SUPPLIED MATERIAL -
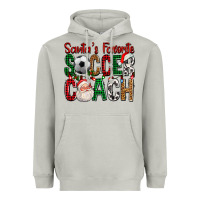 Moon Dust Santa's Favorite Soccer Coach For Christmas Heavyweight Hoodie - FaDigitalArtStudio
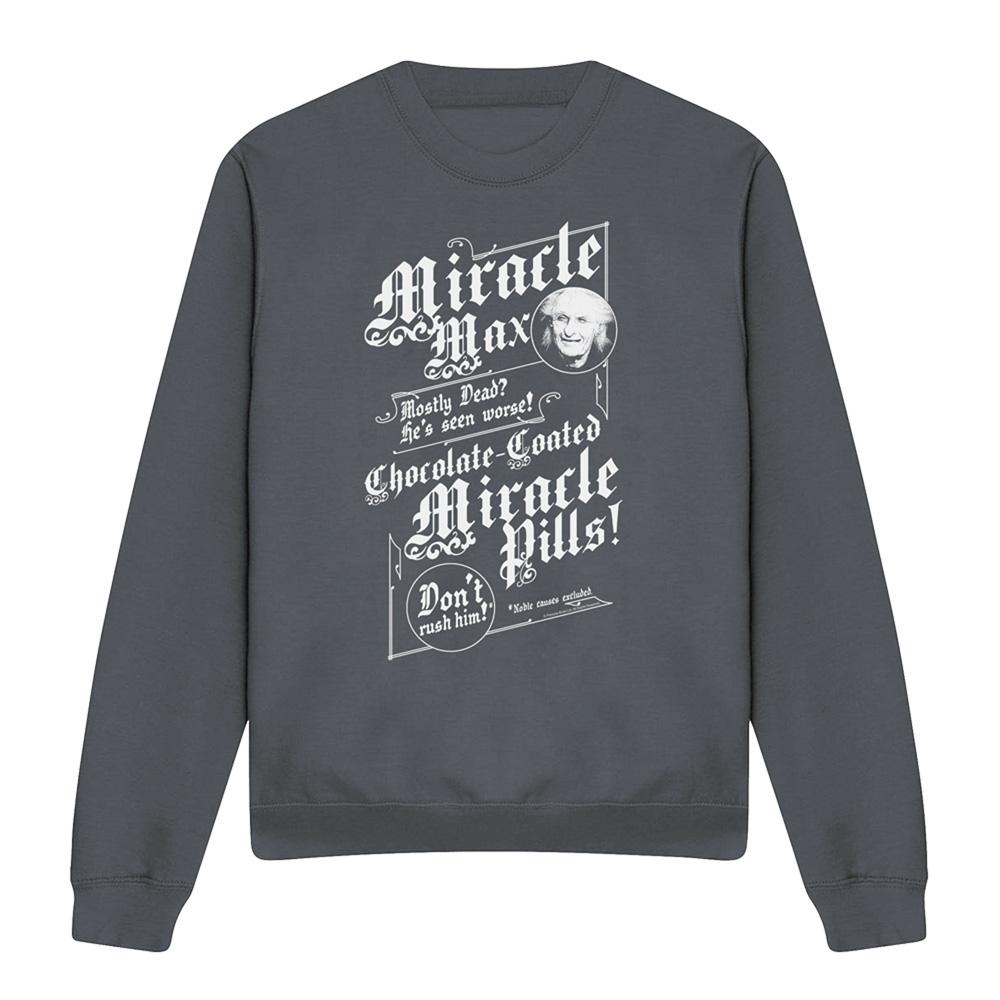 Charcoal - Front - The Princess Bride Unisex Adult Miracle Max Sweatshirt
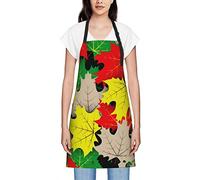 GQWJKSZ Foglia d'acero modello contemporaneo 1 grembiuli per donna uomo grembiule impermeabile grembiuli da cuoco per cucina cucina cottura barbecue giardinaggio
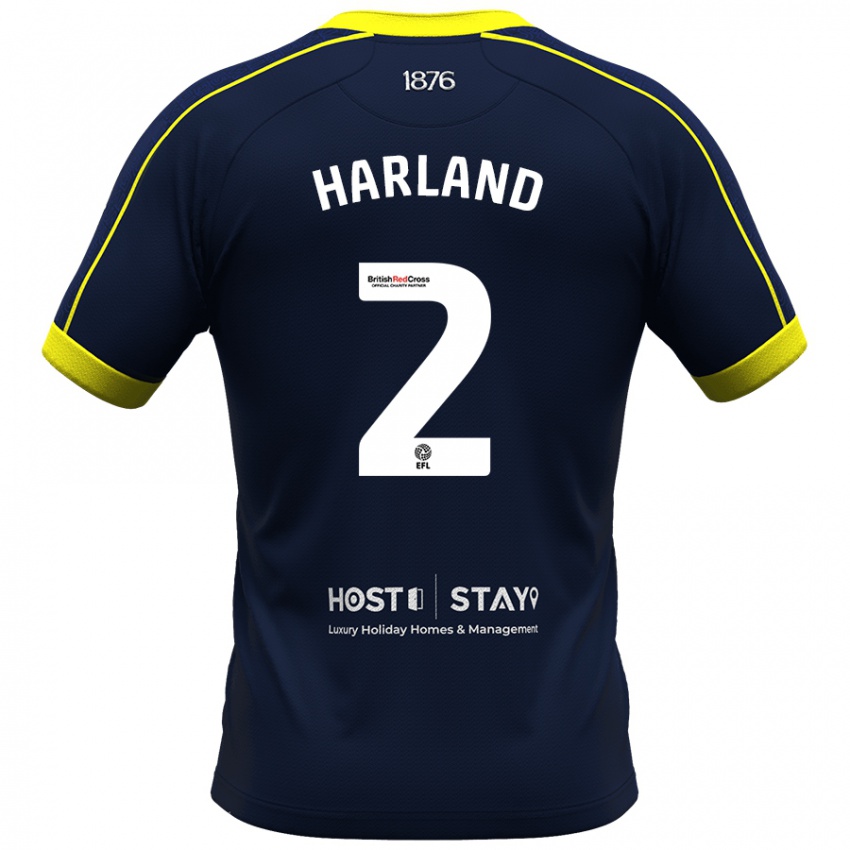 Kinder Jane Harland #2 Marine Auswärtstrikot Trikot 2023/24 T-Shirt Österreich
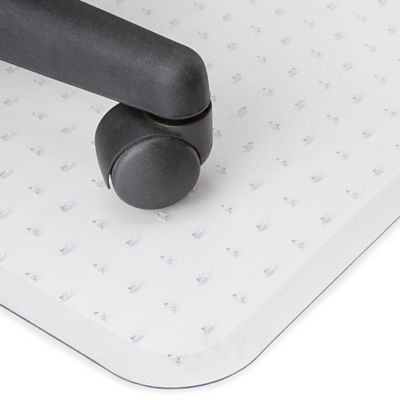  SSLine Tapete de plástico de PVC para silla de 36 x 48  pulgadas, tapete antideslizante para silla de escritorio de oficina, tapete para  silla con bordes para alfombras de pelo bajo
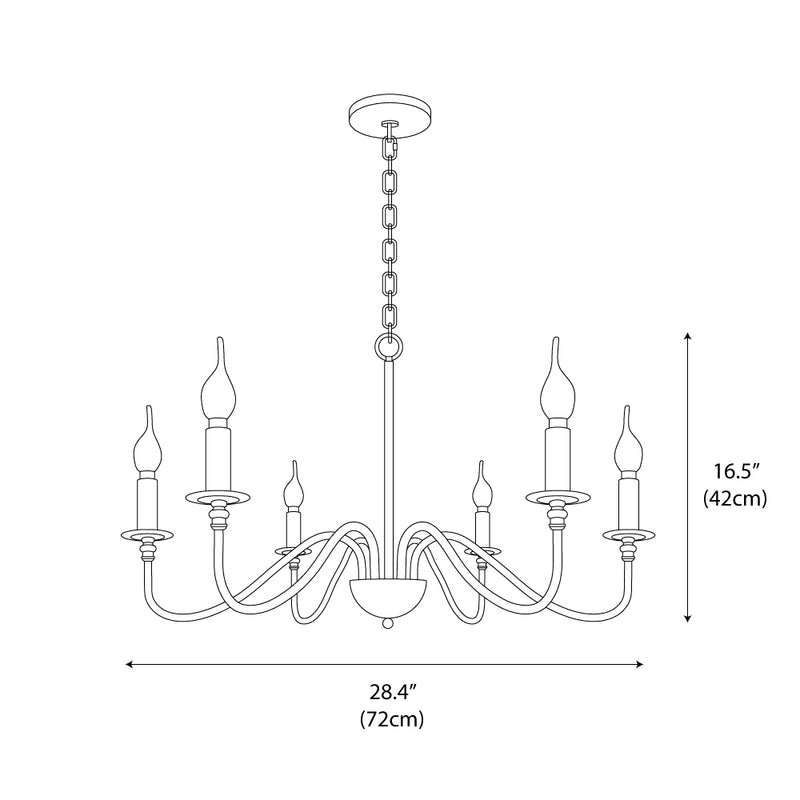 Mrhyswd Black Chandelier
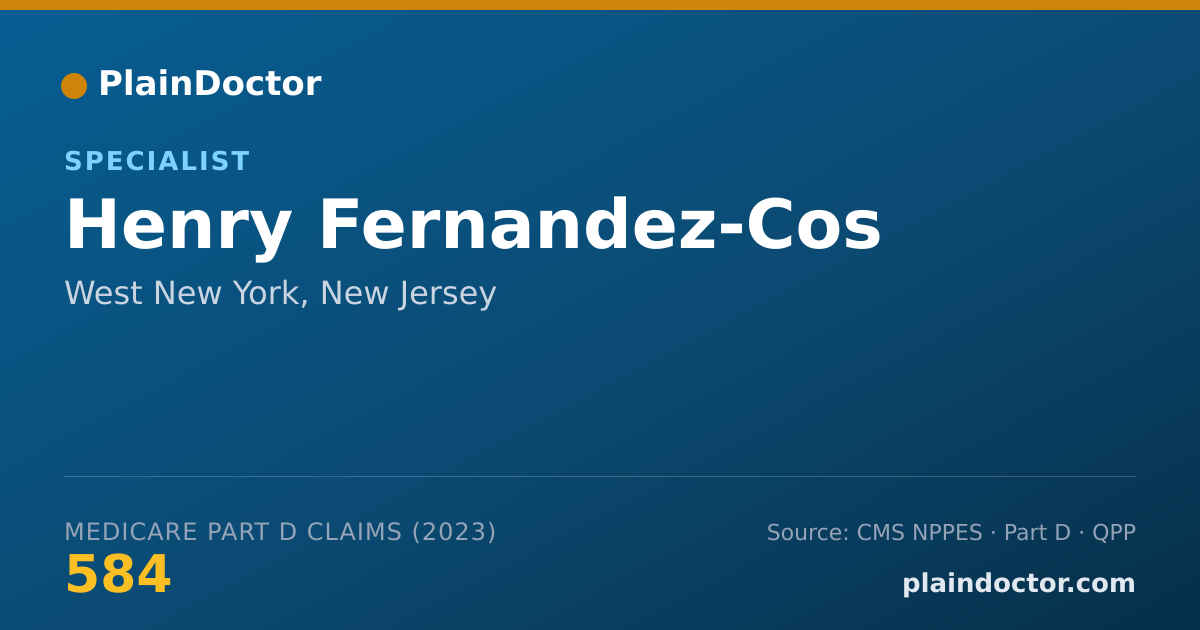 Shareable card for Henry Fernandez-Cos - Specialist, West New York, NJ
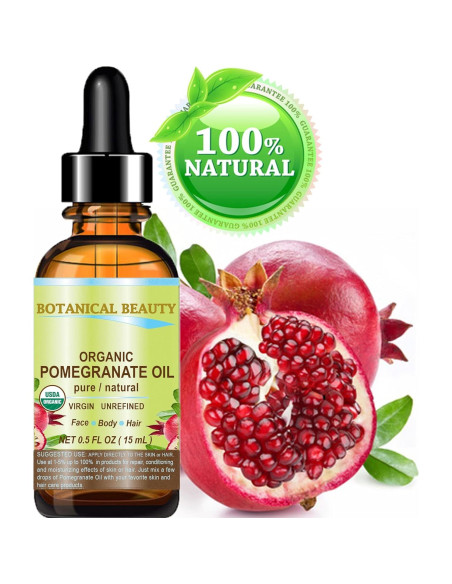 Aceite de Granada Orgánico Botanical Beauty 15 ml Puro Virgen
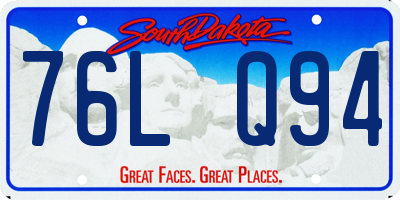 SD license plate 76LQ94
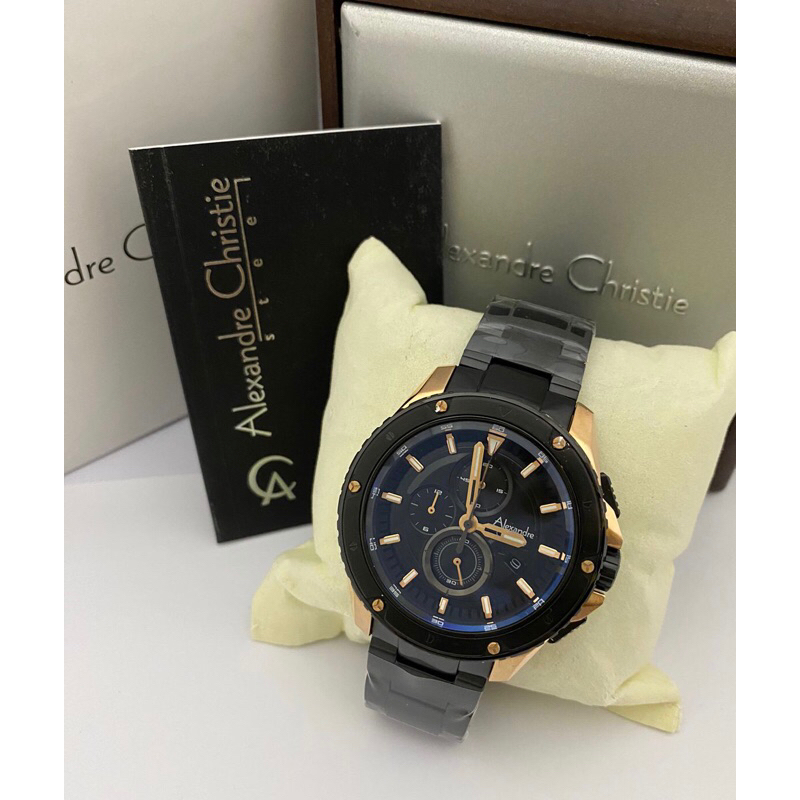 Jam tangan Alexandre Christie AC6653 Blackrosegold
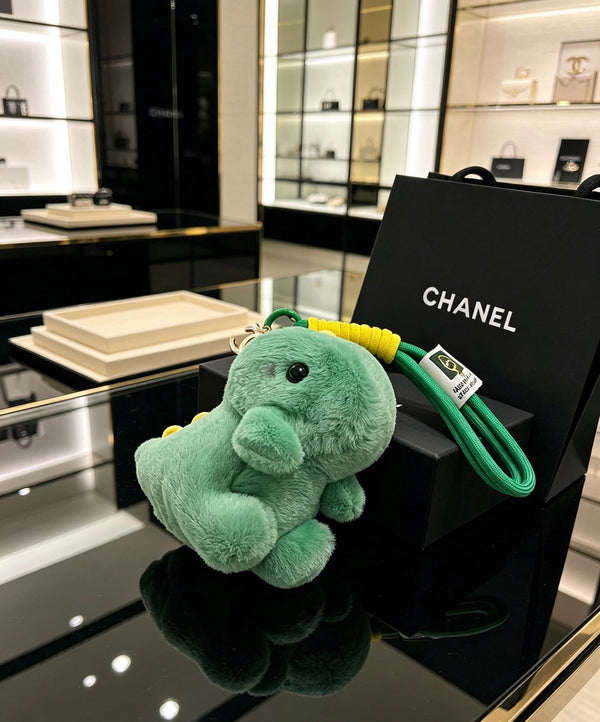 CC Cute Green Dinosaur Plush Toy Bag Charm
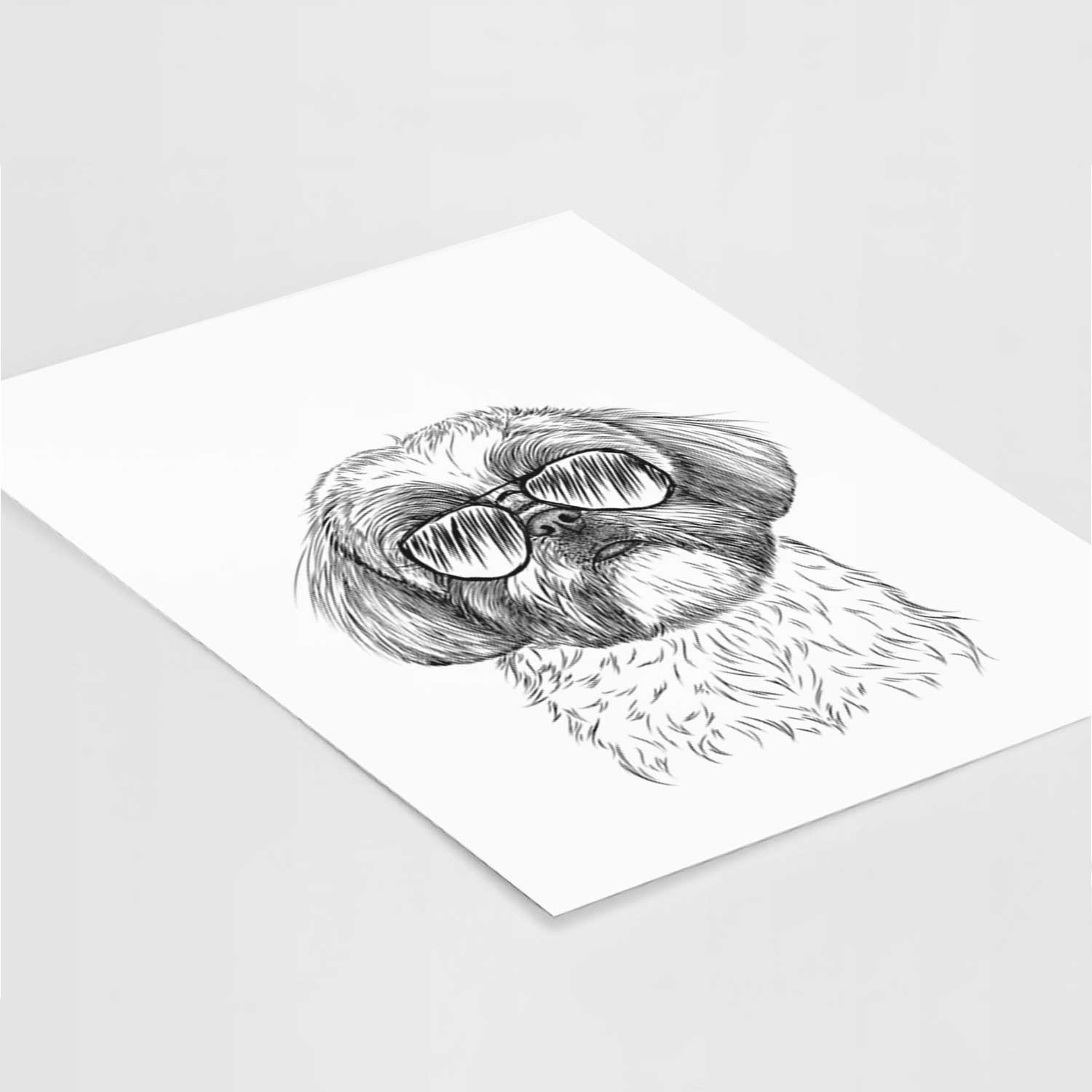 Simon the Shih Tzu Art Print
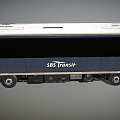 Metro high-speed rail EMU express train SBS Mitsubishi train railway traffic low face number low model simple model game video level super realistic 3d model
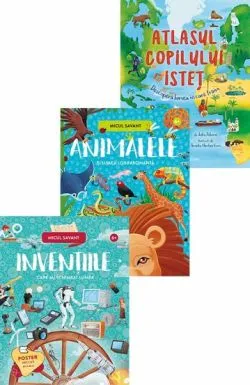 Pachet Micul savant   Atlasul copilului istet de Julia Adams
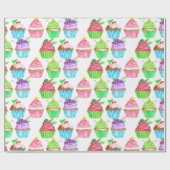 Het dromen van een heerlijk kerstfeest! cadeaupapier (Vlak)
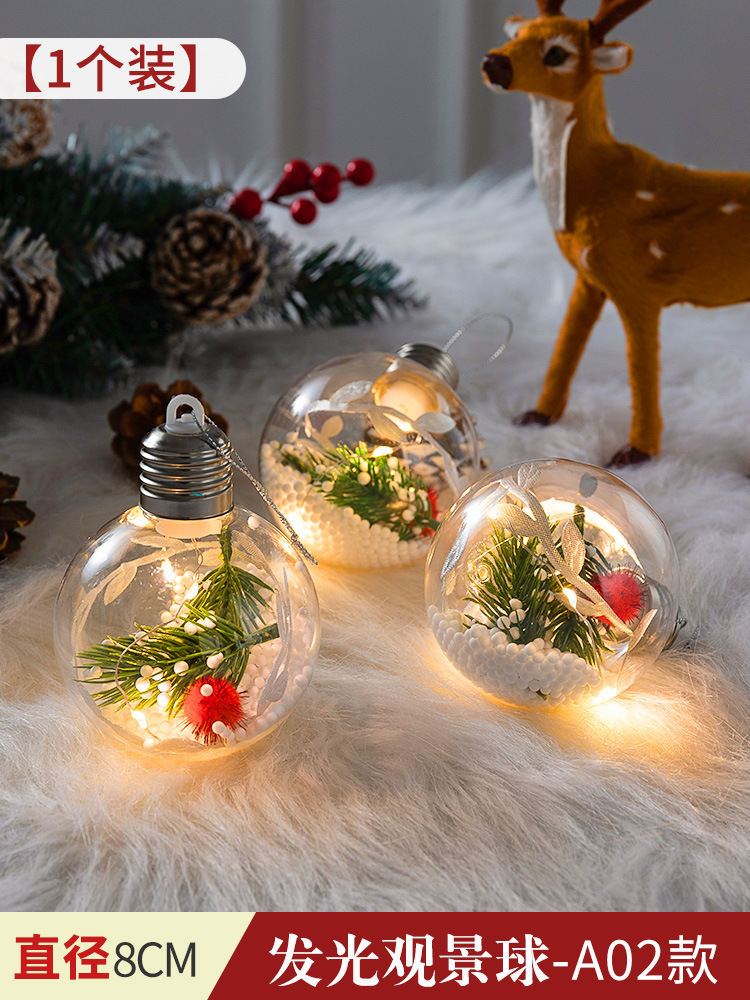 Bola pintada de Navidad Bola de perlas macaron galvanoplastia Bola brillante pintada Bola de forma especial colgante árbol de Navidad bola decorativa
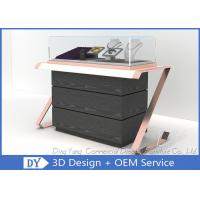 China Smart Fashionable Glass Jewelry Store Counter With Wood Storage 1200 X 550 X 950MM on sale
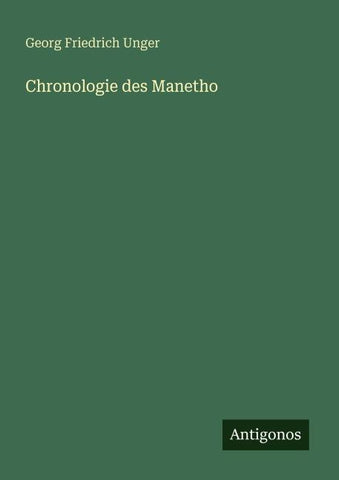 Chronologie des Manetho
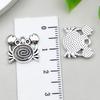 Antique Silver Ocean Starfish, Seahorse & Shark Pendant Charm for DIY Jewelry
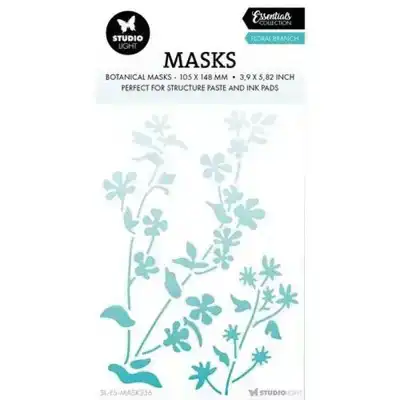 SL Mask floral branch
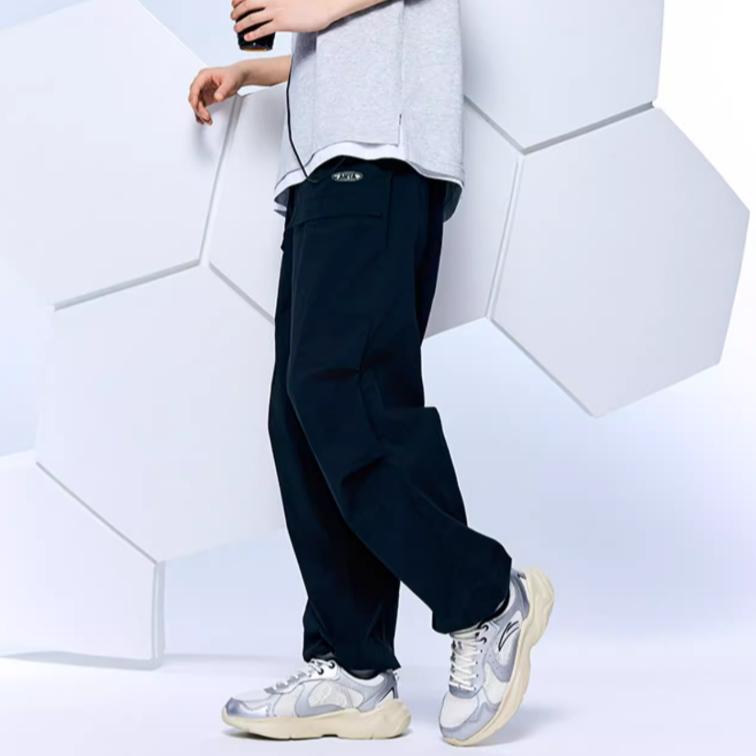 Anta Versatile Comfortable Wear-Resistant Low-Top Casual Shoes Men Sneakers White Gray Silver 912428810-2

ASSIGNMENT - Work from the entries above. Set down exactly and only the lines from the line with "Aceite de Granada" to the line with "Simon the Shih Tzu Art Print", both included, and leave the pictures out.

YOUR SOLUTION -
 Aceite de Granada Orgánico Botanical Beauty 15 ml Puro Virgen
 SD license plate 76LQ94
 Jam tangan Alexandre Christie AC6653 Blackrosegold
 CC Cute Green Dinosaur Plush Toy Bag Charm
 Simon the Shih Tzu Art Print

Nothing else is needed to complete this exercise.